But that didn’t mean she believed WiFi or cell service was harmful to humans, much less that a person could physically sense those radio waves.
“I honestly don’t believe in [electromagnetic sensitivity], and that’s because the people who have it have such a vast array of symptoms,” Beaudet said. “We’re talking about anything from headaches to cancer. So many different symptoms are blamed on this phenomenon. You can always find a study here or there in support of whatever you want, but more studies show no compelling connection.”

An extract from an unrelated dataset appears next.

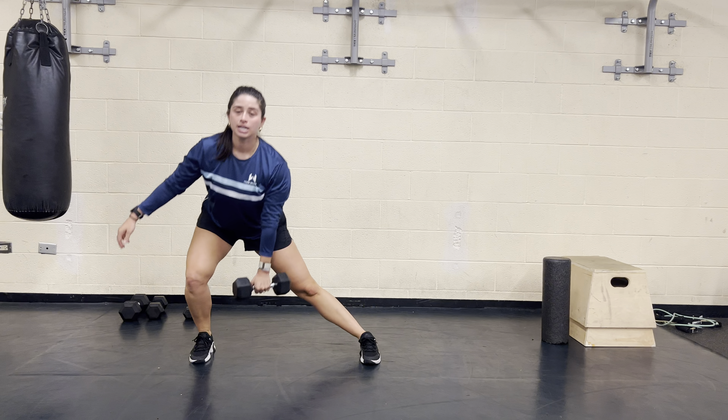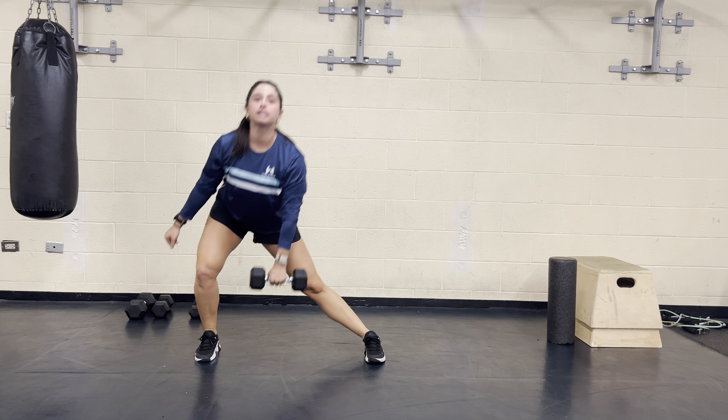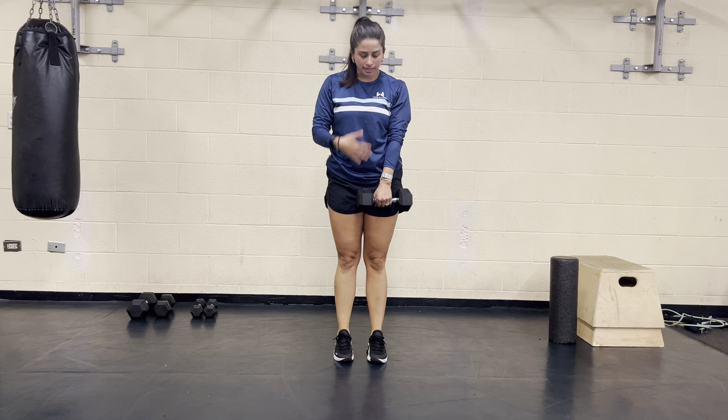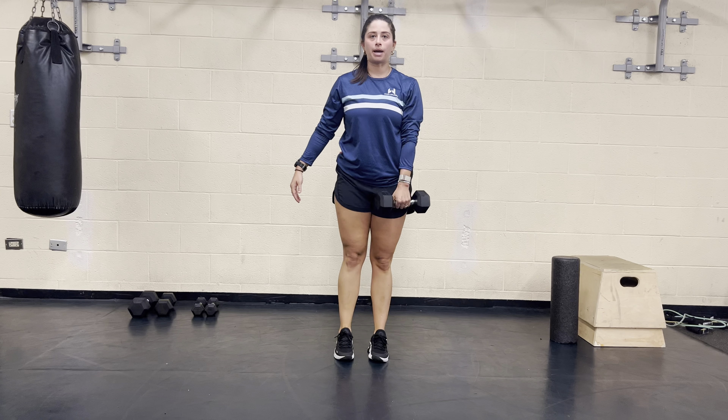Step out to the side with that opposite leg. Sit your hip back and down, bending into that knee, and then drive through that outside heel to pop back up. Dumbbell can stay right in front of your belly button here. Inhale out, exhale back in.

EVEN DIANE SCHOU was skeptical of some electrosensitives. One long-term visitor to her home refused to help clean because he worried he’d lose his disability paycheck if someone saw him doing manual labor. Another requested a specific wine paired with every meal. “Some people want to come and I get the feeling that they’re not really harmed strongly by electromagnetic radiation,” Schou said. “They’re looking for somebody to take care of them.”
A number of electrosensitives exhibited signs of paranoia, depression, hypochondria, and outright kookiness, saying they were being followed by drones or monitored by the CIA. One told me he could electrify lightbulbs with his bare hands. Another claimed he’d visited Roswell, though I’m unsure what UFOs had to do with EHS. A woman believed she could hear music from rainbows. I met a Green Bank farmer who had become convinced that EHS was real, or at least as real as chemtrails—mind-control particles in the form of jet engine vapor that the government supposedly sprays over America to keep citizens docile. The farmer also believed Barack Obama was born outside the United States, that Hillary Clinton murdered a staffer, that John F. Kennedy was assassinated by his government, that “for years” there had been a cure for cancer, and that vaccines cause autism—all of it apparently masterminded by an evil cabal in Washington, D.C.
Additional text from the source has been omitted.